The EPPF formula [θ + α]_{K-1, α} · ∏ [1 - α]_{n_i - 1, 1} / [θ + 1]_{N - 1, 1} (@cite{pitman-2006} Thm 3.2 / @cite{odonnell-2015} eq from §3.1.7) is precisely the probability of one such specific set partition. By the EPPF's symmetry it depends only on the multiset of block sizes — but the underlying random variable is the set partition itself.

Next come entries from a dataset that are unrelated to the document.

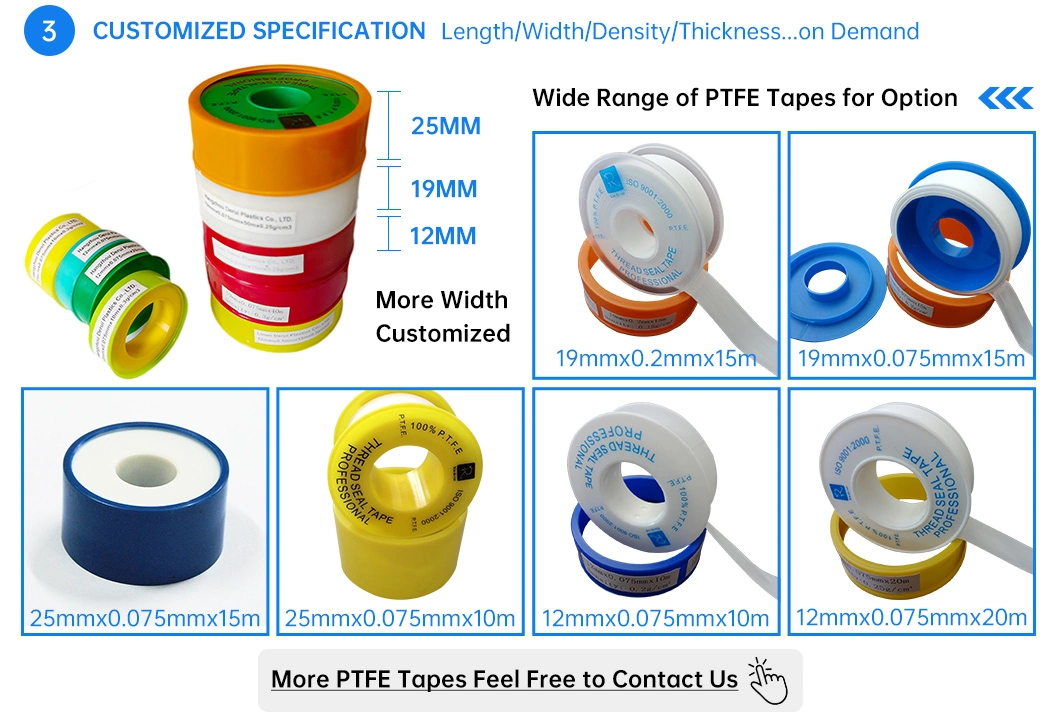 Customized 1/2&quot; 3/4&quot; 1&quot; 2&quot; Thickness PTFE Thread Seal Plumber&prime;s Teflon Tape for Leaks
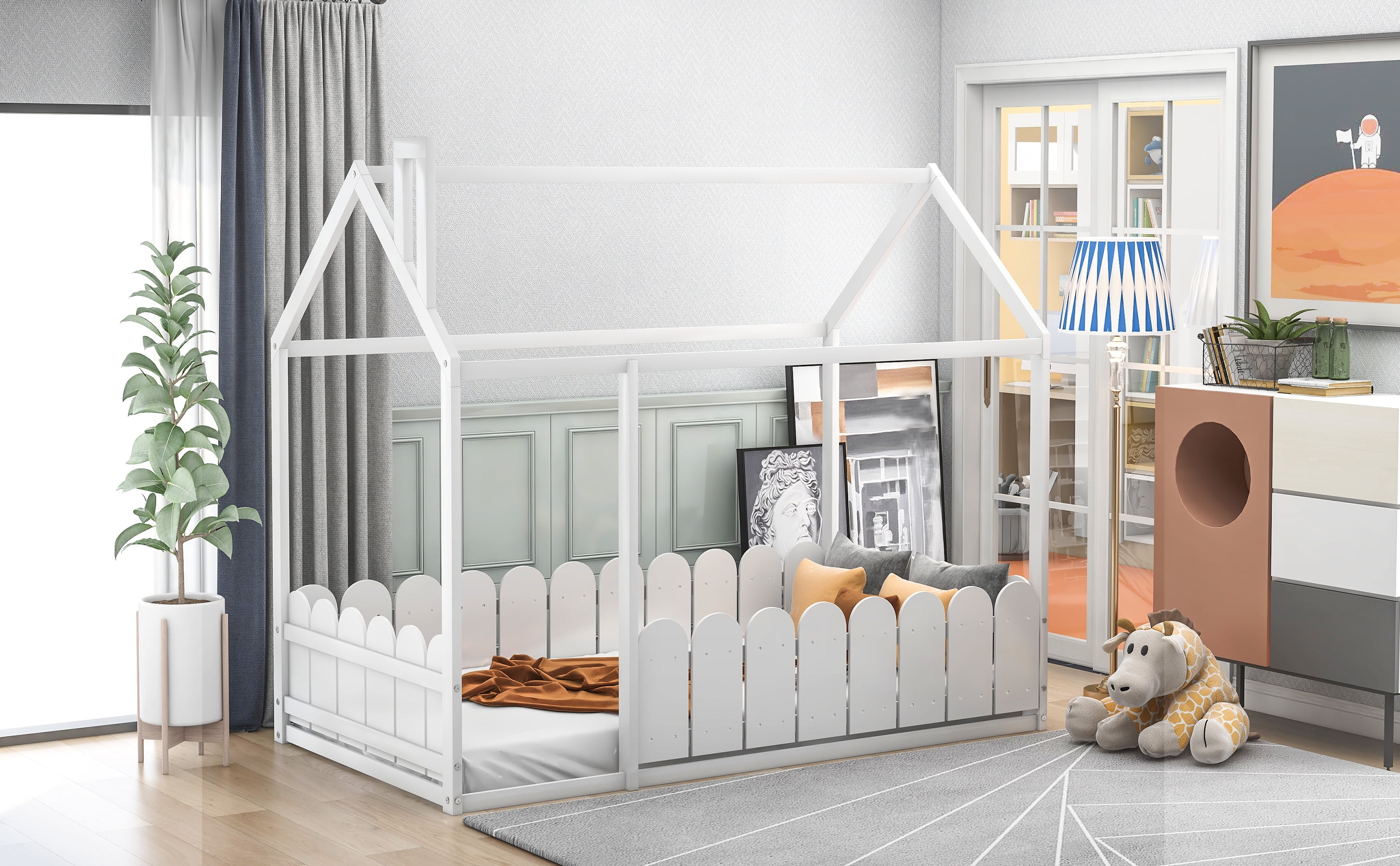 Kids Twin Size Wood House Bed Frame, White Picket Fence Twin Bed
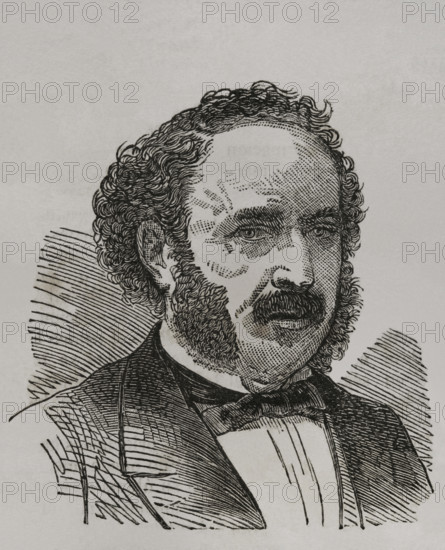 Jules Simon (Jules Francois Simon Suisse) (1814-1896). French philosopher and statesman. Portrait. Engraving. ""Historia de la Guerra de Francia y Prusia"" (History of the War between France and Prussia). Volume I. Published in Barcelona, 1870.
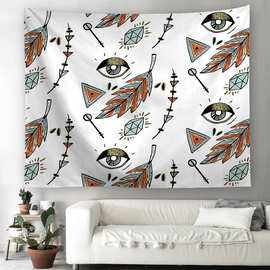 热销外贸欧美花卉新款印花挂毯创意居家布墙毯画涤纶背景挂布壁毯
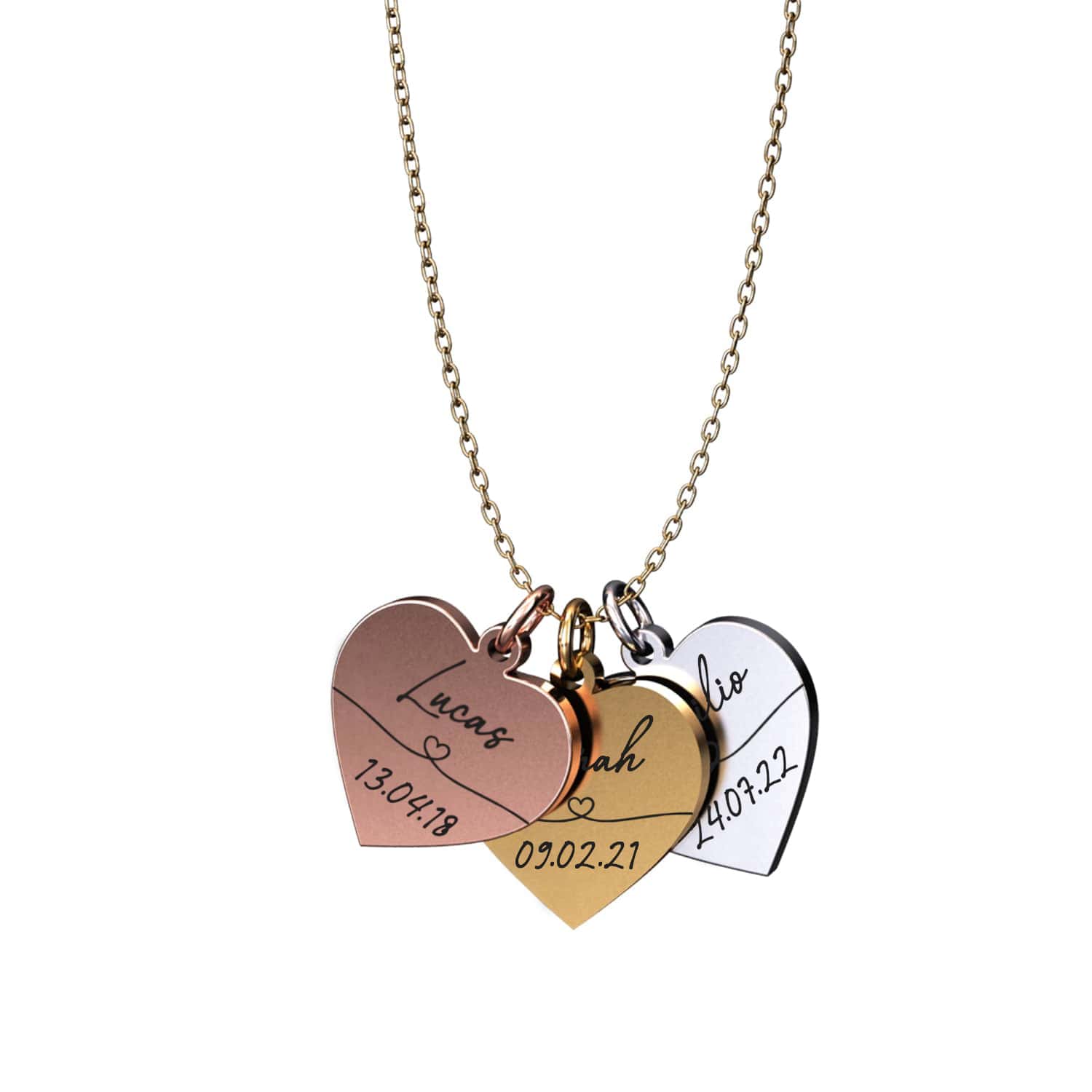 Collier personnalisé cœur avec prénom & date – Amora®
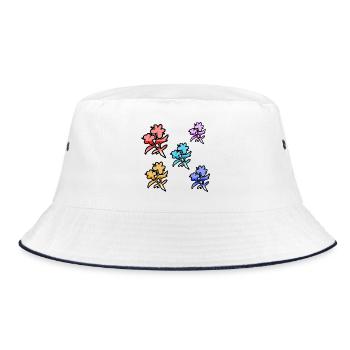 Blumen - Bucket Hat - Weiß/Navy - Vorne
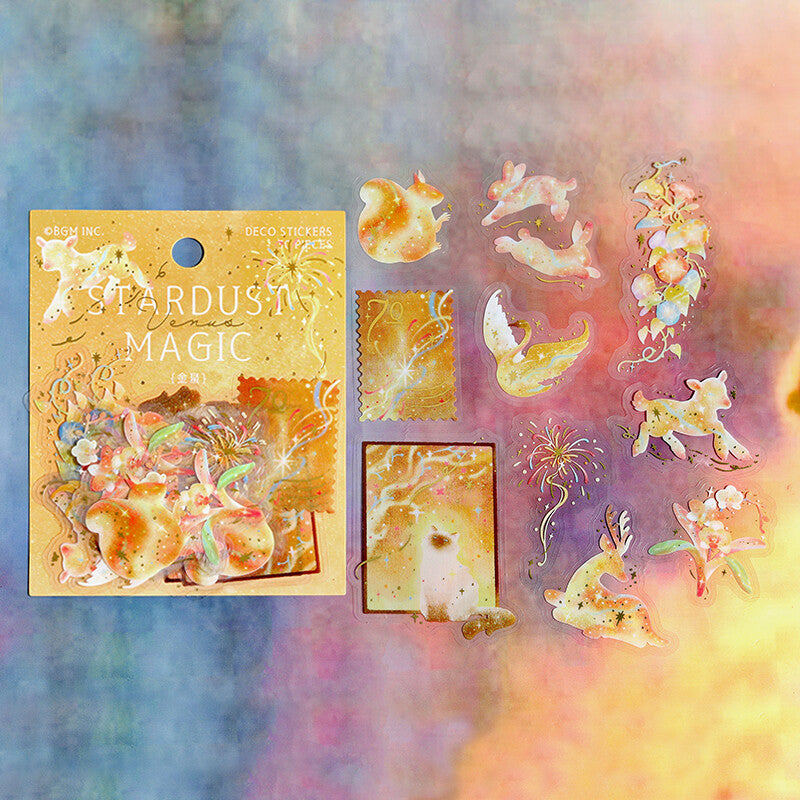 BGM Venus Stardust Magic PET Flake Stickers with gold whimsical designs - Paper Kooka Stationery Store Australia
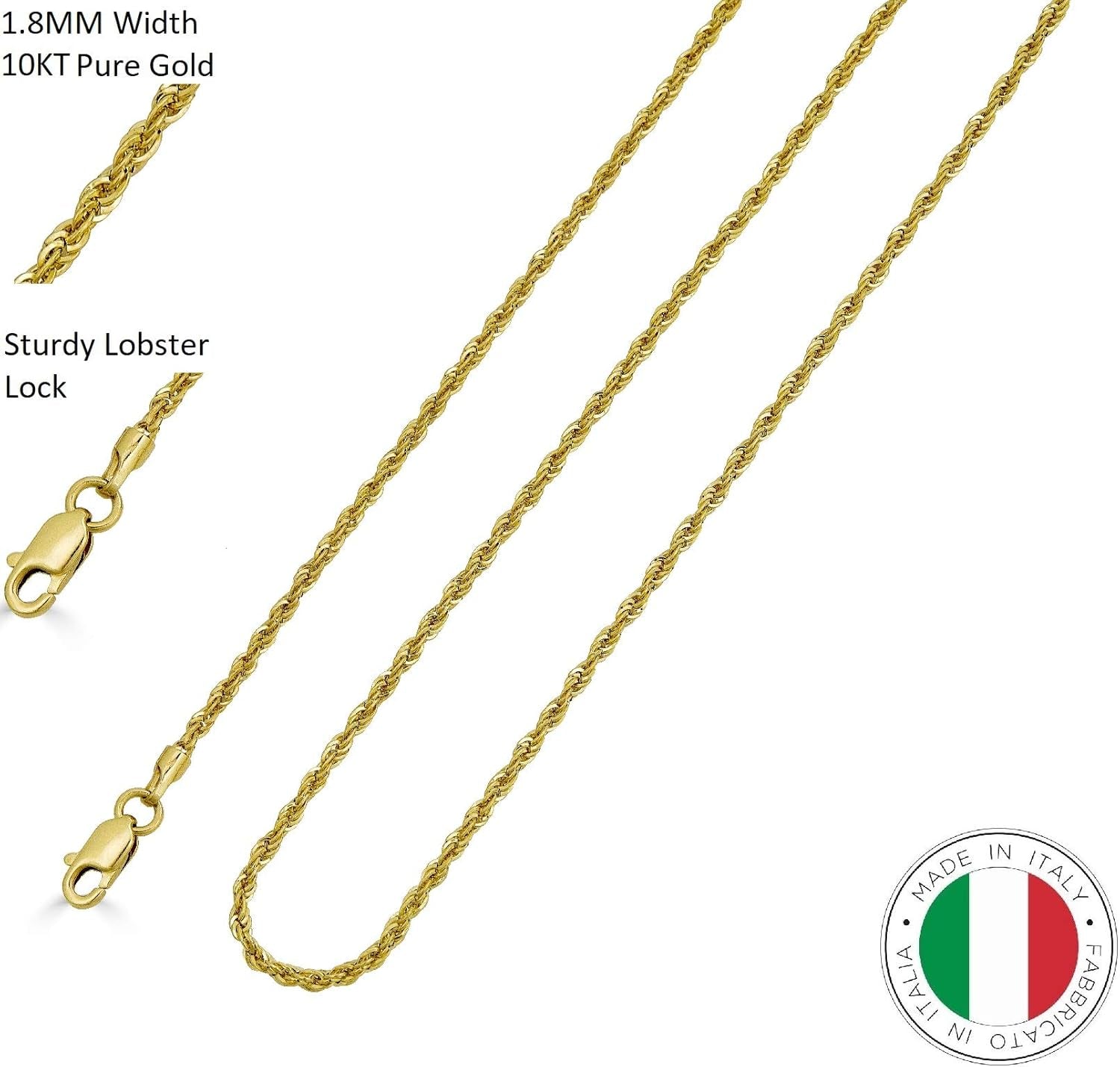 Dainty 10K Yellow Gold Diamond Cut Rope Chain Necklace - 1.8MM, Adjustable 16''-30'' for Men & Women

We model TableAssignment as G.NT → Σ n, OrderedFinpartition n using mathlib's OrderedFinpartition n (the structure mathlib uses for Faà di Bruno; it represents a set partition of Fin n with a canonical labeling by greatest element). The choice of OrderedFinpartition over Finpartition is for the proof of sum_partitionProb_ord_eq_one: mathlib's OrderedFinpartition.extendEquiv gives the seating-plan bijection (c : OrderedFinpartition n) × Option (Fin c.length) ≃ OrderedFinpartition (n+1) out of the box, exactly matching Pitman's (α, θ) seating-plan recursion. Finpartition lacks this bijection lemma. Either type admits the same number of objects (one per set partition of [n]) and partitionProb only depends on the block-size multiset, so the choice is purely about which lemmas come for free. pypFactor extracts the block-size multiset (via OrderedFinpartition.toNatPartition) to evaluate the EPPF.

Why corpus probability is (D, Y) → ℝ, not D → ℝ #

Y^A is latent — it is part of the MAP analysis, not part of the observed corpus. To reduce to D → ℝ we would have to marginalize over all possible Y, which is exactly the MH inference target distribution of @cite{odonnell-2015} §3.2.1 — out of scope per the "Processing scope" rule (we formalize target distributions, not inference algorithms). The honest signature is (D, Y) → ℝ: the closed-form probability given a particular table assignment.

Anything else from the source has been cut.